An Opportunity to Move from Practitioner to Professional; OPINION: What Is Needed Is a Strategy for Continuing Development

Western Mail (Cardiff, Wales), March 8, 2002 | Go to article overview

An Opportunity to Move from Practitioner to Professional; OPINION: What Is Needed Is a Strategy for Continuing Development


Byline: KEN JONES Head of the School of Education at Swansea Institute of Higher Education

IN 1972 the James Report set out plans for reforming the professional development of teachers.

Thirty years later we are closer than we have ever been to making the professional development continuum a reality.

There now is a chance for teachers to take their profession forward and to change the status of teaching beyond the effective practitioner to the effective professional.

There have already been major, overdue developments, notably the consultation on early professional development, the professional development pilot projects and the emergence of a professional development framework, but there is still a danger these initiatives will be ad hoc, taken up by a minority rather than integrated within the profession.

There is also a danger that, in this complex tapestry of continuing professional development initiatives, teachers will lose sight of the need for continuous professional development to be coherent.

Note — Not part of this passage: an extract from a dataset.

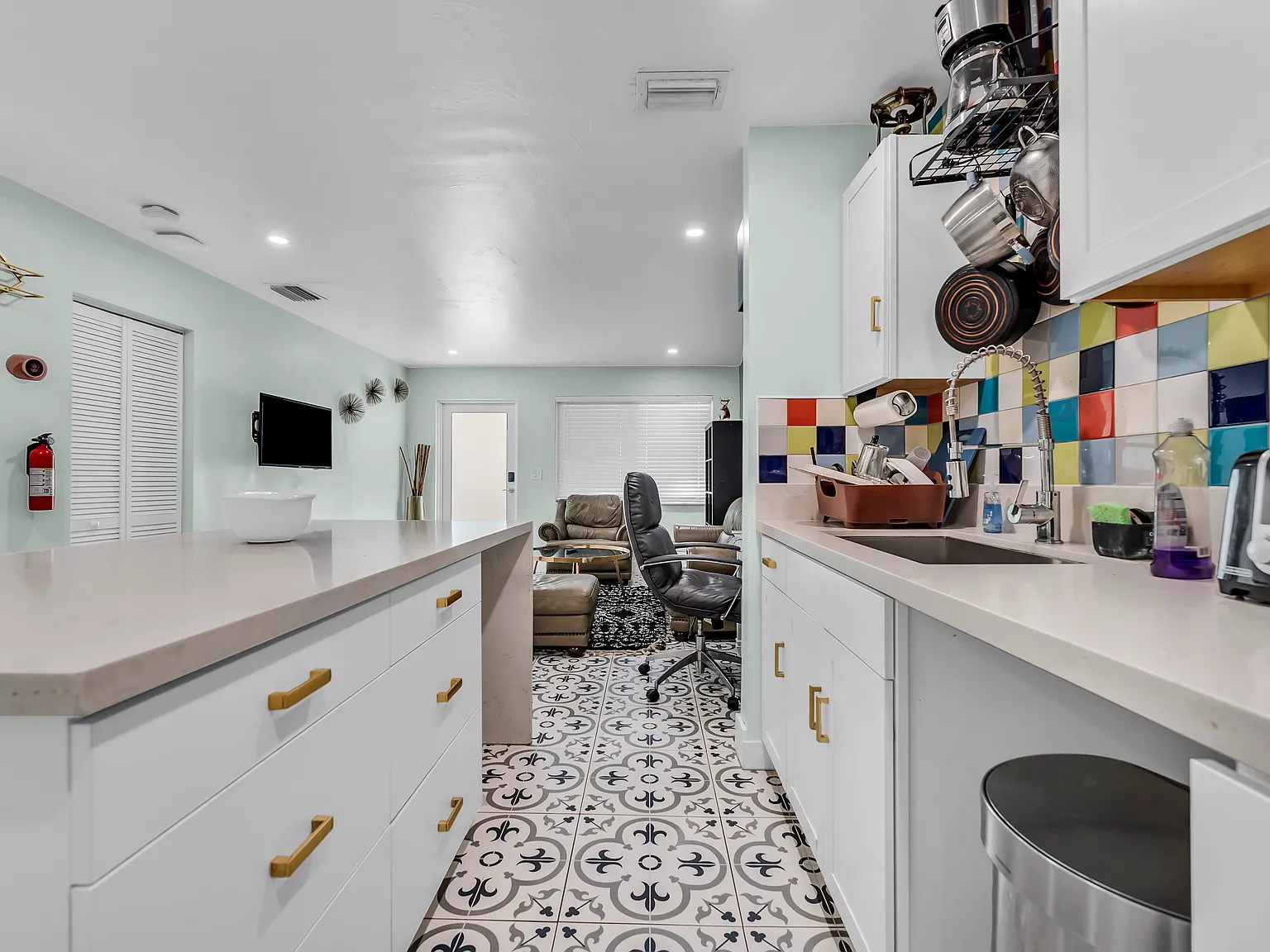 1 bed, 750 sqft, $2,100 — Photo 1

Teachers are responding to initiatives from the National Assembly, the General Teaching Council for Wales, higher education institutions, local education authorities, independent providers and their own schools.

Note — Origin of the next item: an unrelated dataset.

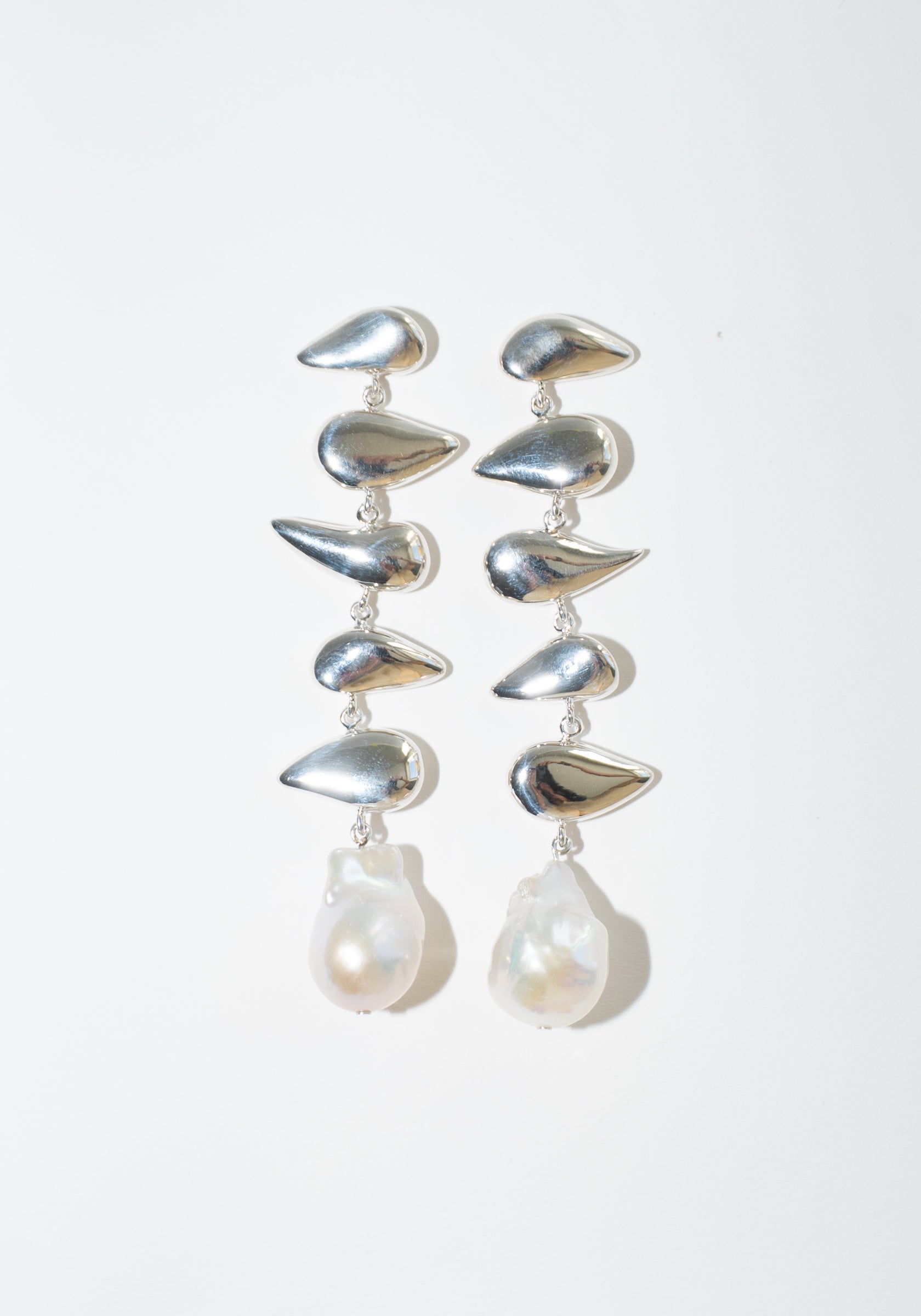 Long Flora Earrings in Silver and Pearl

How can we ensure the recent progress in continuing professional development will be effective?

First, we must recognise that professional development is broader than "staff development".

Staff development relates to the work in a teacher's particular school. It will focus on the classes they teach, the teams they lead and the priorities within team and school development plans.

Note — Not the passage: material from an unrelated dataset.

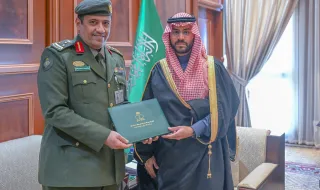 نائب أمير حائل يتسلّم التقرير السنوي لأعمال وخدمات الجوازات بالمنطقة لعام 2023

Professional development includes all this and more, encompassing experiences and learning opportunities beyond a particular school, and teachers should be supported in these.

Second, we must strive to ensure the professional development of teachers continues throughout a teacher's career and across all levels - and that this continuing professional development arises naturally from the teacher's work rather than being imposed as an additional burden.

Third, individual teachers have to take ownership of their own development to ensure coherence and relevance, using common sense so it fits in with personal and professional commitments.

The professional development portfolio is important here. Without generating extra bureaucracy, the portfolio can help by recording development and prioritising future needs. It can also be the basis for performance management and accreditation.

Fourth, we have to recognise that effective CPD will require time out of the classroom. This will require pupils to have quality learning time when their designated teacher is not there. …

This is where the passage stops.